[PROBLEM TO SOLVE] List each line of the data in which the string "with" appears.

[RECORDED DATA]
-- Opening Marker --

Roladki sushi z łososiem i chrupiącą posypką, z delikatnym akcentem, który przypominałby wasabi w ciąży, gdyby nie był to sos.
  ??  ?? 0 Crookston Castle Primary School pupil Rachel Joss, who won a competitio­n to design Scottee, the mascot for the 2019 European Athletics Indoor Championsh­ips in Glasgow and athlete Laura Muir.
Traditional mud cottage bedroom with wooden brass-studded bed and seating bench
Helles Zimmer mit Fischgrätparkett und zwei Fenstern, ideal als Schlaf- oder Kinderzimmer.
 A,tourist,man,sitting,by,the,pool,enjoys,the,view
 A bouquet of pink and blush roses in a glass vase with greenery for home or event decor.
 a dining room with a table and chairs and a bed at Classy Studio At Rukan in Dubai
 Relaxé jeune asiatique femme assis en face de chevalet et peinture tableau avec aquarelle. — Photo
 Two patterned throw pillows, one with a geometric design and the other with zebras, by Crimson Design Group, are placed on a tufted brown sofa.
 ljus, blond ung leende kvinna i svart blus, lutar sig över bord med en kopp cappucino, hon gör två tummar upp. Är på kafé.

-- Closing Marker --

[ANSWER BOX]
Traditional mud cottage bedroom with wooden brass-studded bed and seating bench
 A bouquet of pink and blush roses in a glass vase with greenery for home or event decor.
 a dining room with a table and chairs and a bed at Classy Studio At Rukan in Dubai
 Two patterned throw pillows, one with a geometric design and the other with zebras, by Crimson Design Group, are placed on a tufted brown sofa.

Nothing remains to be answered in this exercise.